For a little background on the history of this image here is an excerpt from:
” According to both oral tradition and official versions, a beautiful Mexica woman appeared to Juan Diego and speaking to him in Nahuatl, asked him to tell the bishop that her name was La Virgen de Guadalupe and that she wanted a church built on Tepeyac. When Juan Diego was not believed, as proof of his story, she instructed him to fill his tilma (cape) with roses and take them to the Catholic bishop yet again with instructions to build a church on that same site. When Juan Diego opened his cloak to show the bishop the flowers , instead of roses, the image that we know of today as Our Lady of Guadalupe was miraculously imprinted upon the cotton fabric. That tilma is now enshrined at the Catholic Basilica in Mexico City.
The devout Catholic will tell you that Our Lady of Guadalupe appeared to a peasant by the name of Juan Diego in a demonstration of faith for the conquering Spaniards.
Ask a mestizo or Indigenous person and they will tell you that Our Lady of Guadalupe is really Coatlaxopeuh, another name for Earth Mother Tonantzin, to whom offerings were made on that same hill of Tepeyac hundreds of years before the arrival of the Spaniards.
They will tell you that Tonantzin/Coatlaxopeuh appeared to Cuauhtlatoatzi to inspire hope in a people who were being oppressed by the Spanish and, later when the Church acknowledged Our Lady of Guadalupe as the Patroness of Mexico, to allow the people to continue to honor her in safety.

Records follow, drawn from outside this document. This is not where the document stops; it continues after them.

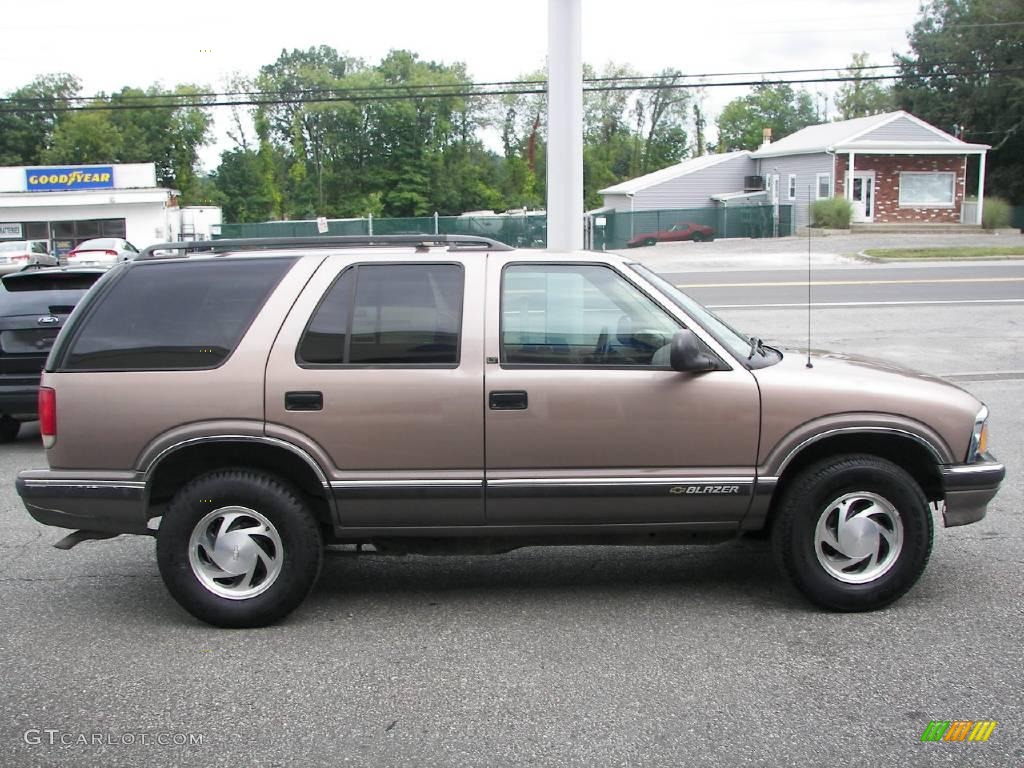 1997 Blazer LT 4x4 - Smokey Caramel Metallic / Neutral photo #14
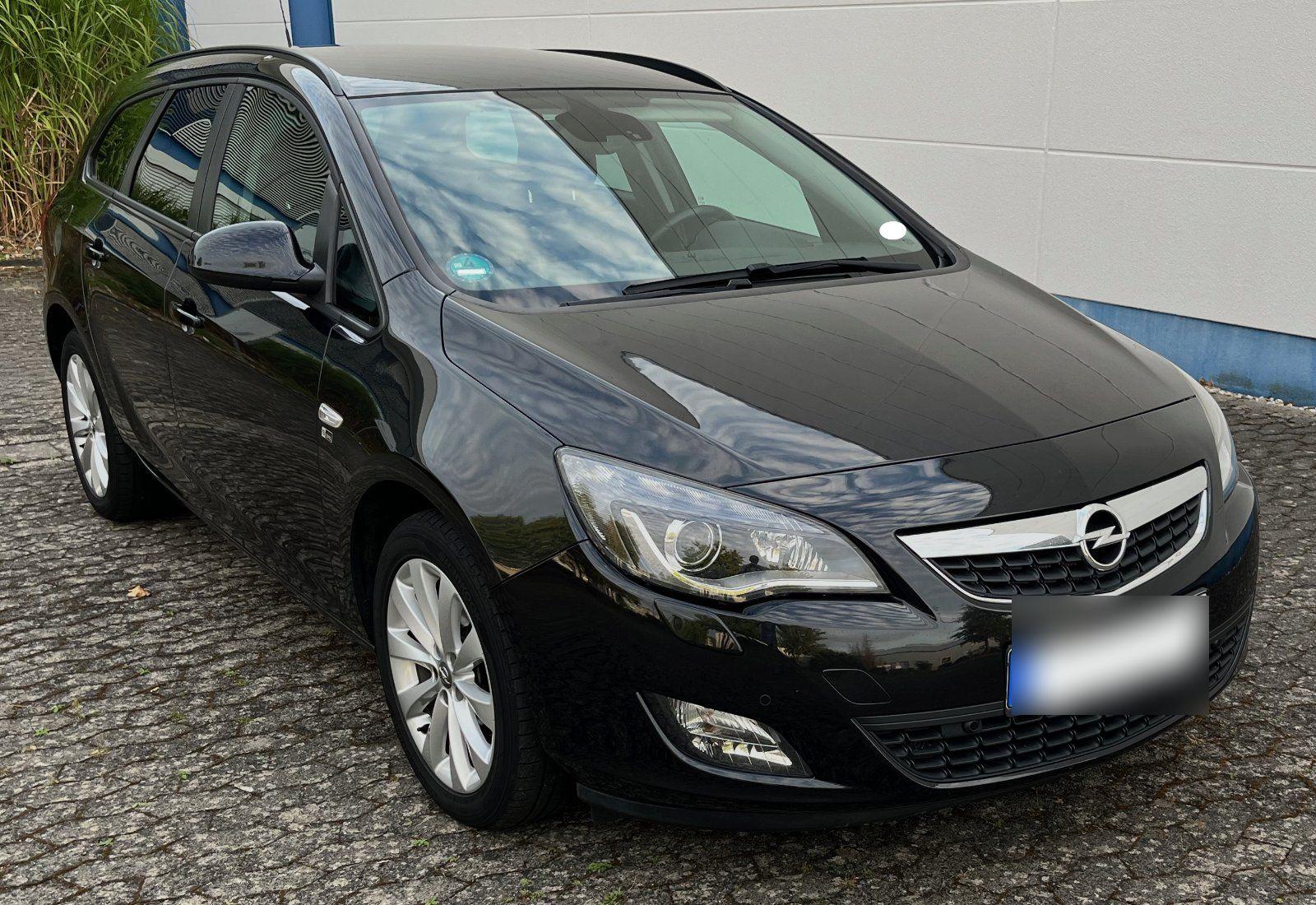 Opel Astra 2012 — interior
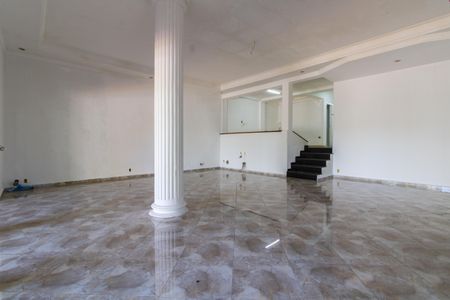 Casa à venda com 500m², 3 quartos e 10 vagas Casa à venda com 500m², 3 quartos e 10 vagasSala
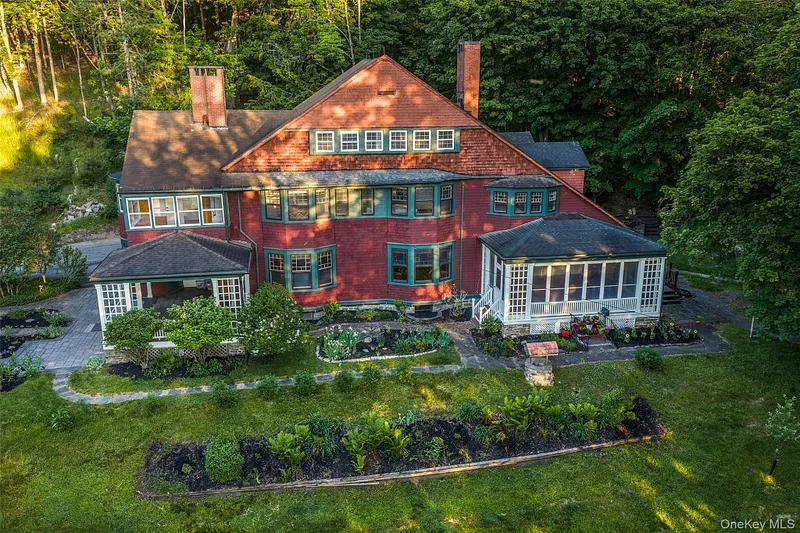 6 Westridge Road Photo 48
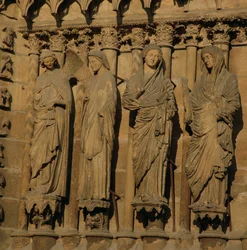 La Visitazione, quattro figure di stipite dalla Facciata Ovest della Cattedrale
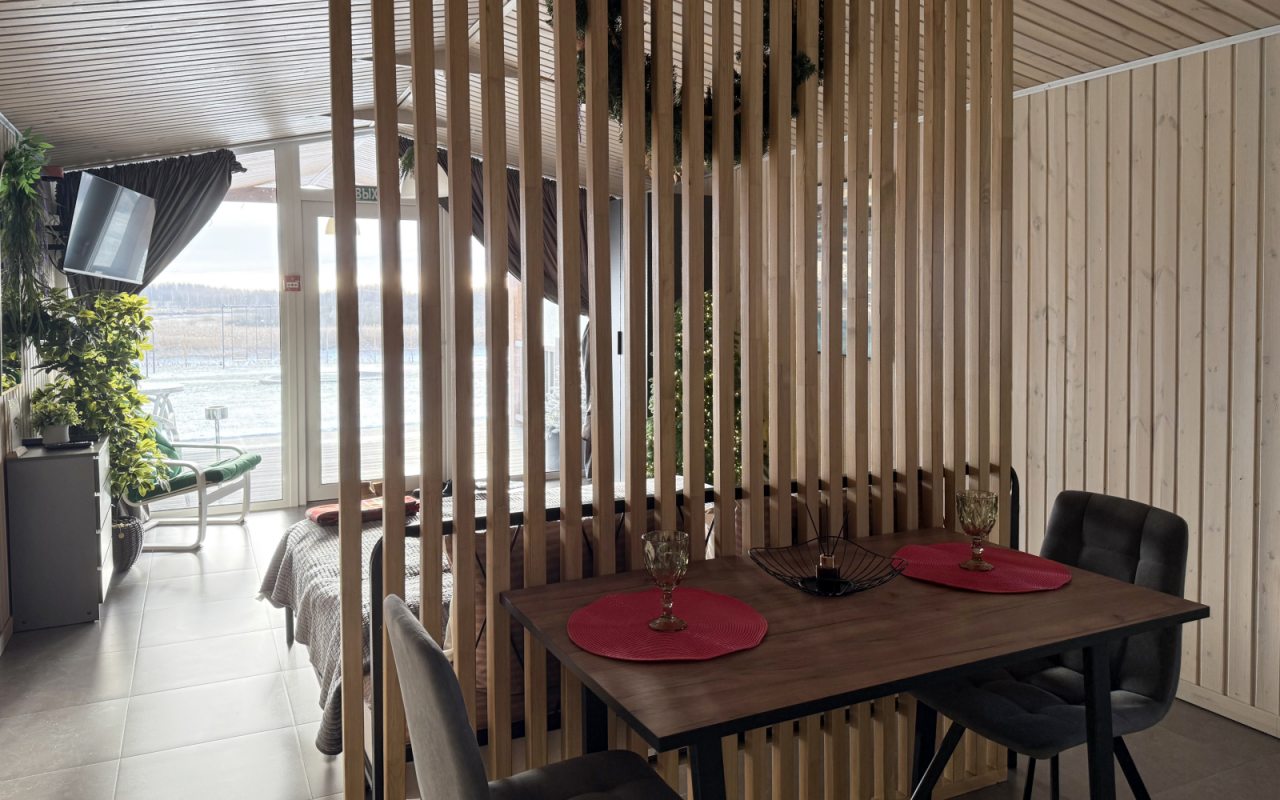 Интерьер дома с верандой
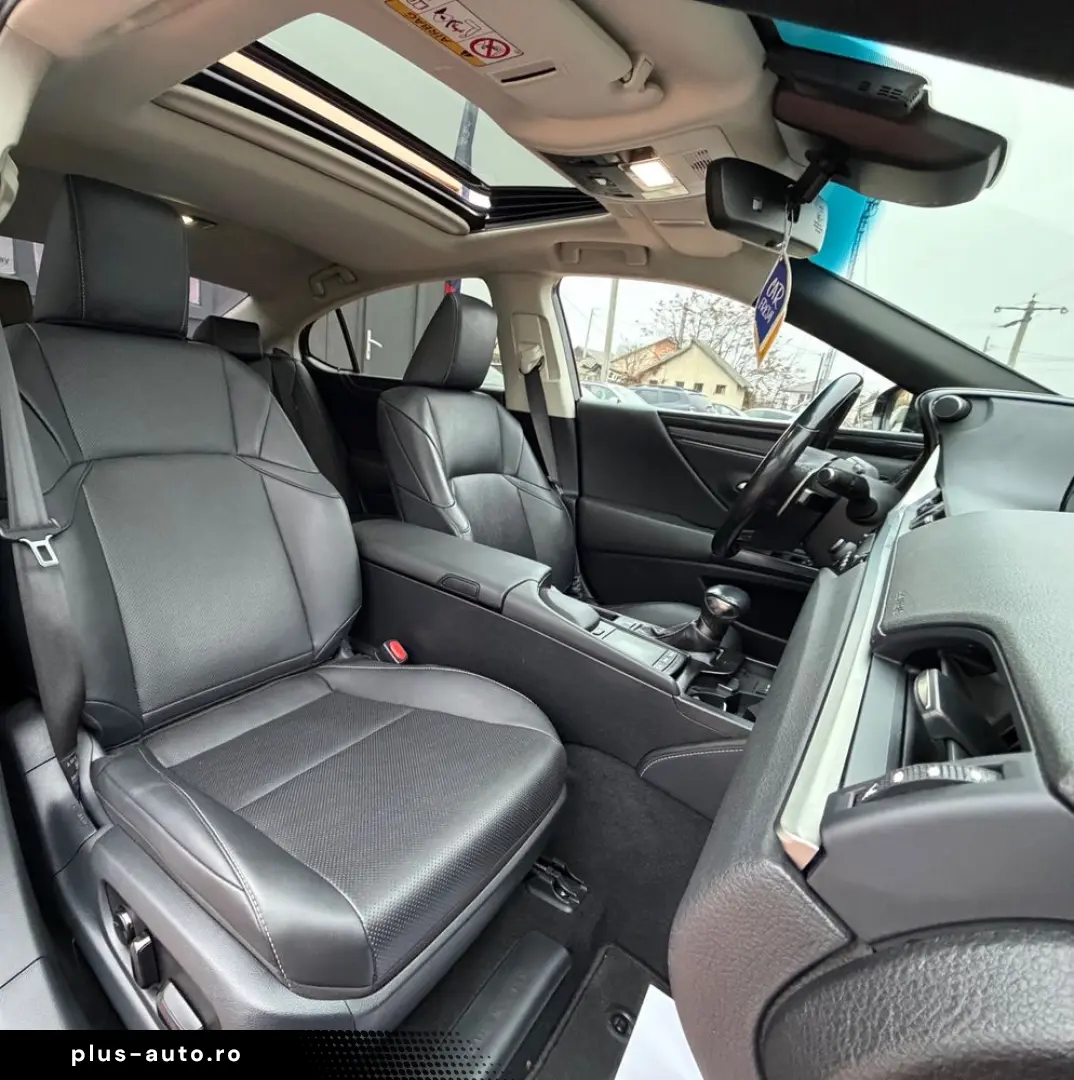 Lexus Seria ES 300h Executive Line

To many people, she is not either/or, but rather one: TonantzinGuadalupe. Her blend of Indigenous and European features represents the beauty and sacredness of both cultures—not just those of the dominant society. Her face is the face of today’s Mexican, Chicano, Mestizo… The two cultures, reconciled in this moment, acknowledge the uncommon bond of love for the Woman Who is Cloaked with the Sun; the bridge of Light between peoples.“
Her duality echoes inside me… I worship Mother Nature and am blessed by flowers, copal, the moon and the stars. My heart still skips a beat when I smell frankincense and myrrh, when I hear the prayers I know by heart during a Catholic mass, when I say “peace be with you,” first to my mother and father and then to those around me. I pray to the energy of the universe and to those who have gone before me.
On this day I pray for the healing of Mexico, the end of violence against women and the chance for all little girls to take pride in their roots, their dreams and their future.
¡Que Viva La Virgen de Guadalupe y Tonantzin!